• [Exercise objective]
Could you transcribe exactly the lines below, from the line with "Nike Revolution 7" through the line with "Photo of property", and nothing else, leaving out the pictures?

• [Data records]
☆ ☆ ☆ ☆
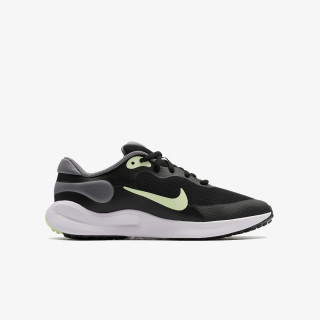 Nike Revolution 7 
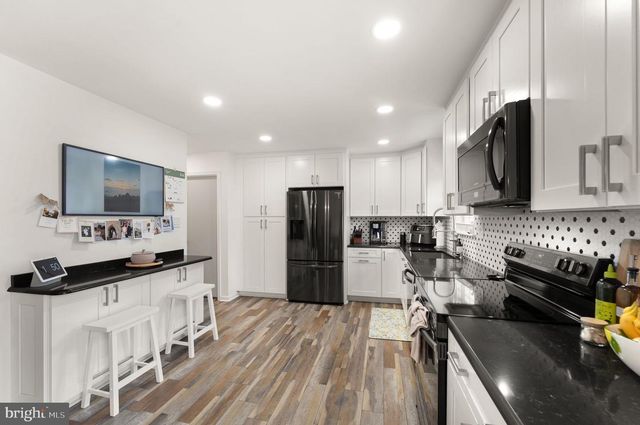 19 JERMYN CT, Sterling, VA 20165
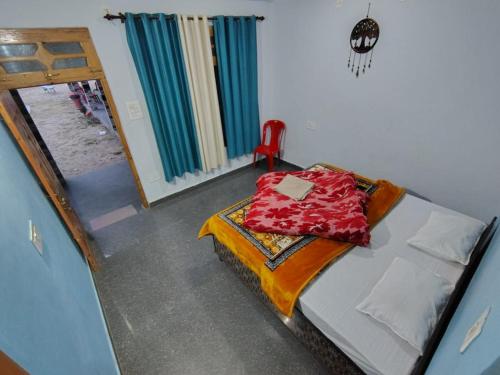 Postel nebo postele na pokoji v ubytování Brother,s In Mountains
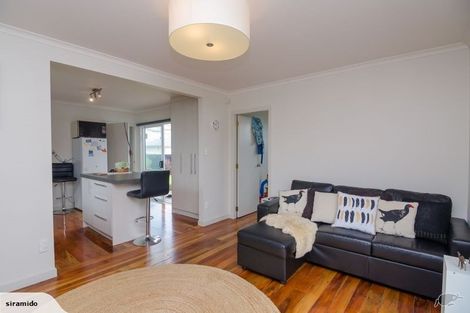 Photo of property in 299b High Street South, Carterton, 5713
☆ ☆ ☆ ☆
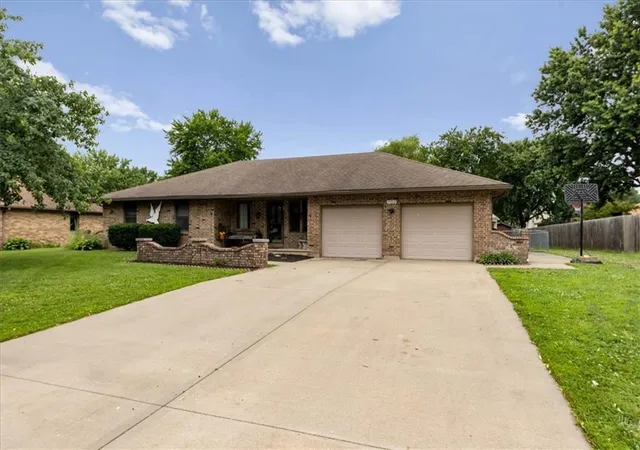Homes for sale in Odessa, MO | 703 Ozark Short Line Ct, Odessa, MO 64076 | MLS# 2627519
☆ ☆ ☆ ☆
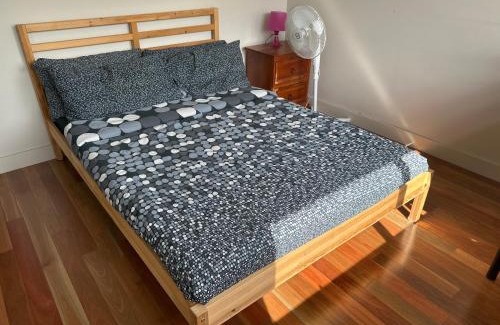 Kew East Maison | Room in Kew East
☆ ☆ ☆ ☆
• [Output of the exercise]
 Nike Revolution 7 
 19 JERMYN CT, Sterling, VA 20165
 Postel nebo postele na pokoji v ubytování Brother,s In Mountains
 Photo of property in 299b High Street South, Carterton, 5713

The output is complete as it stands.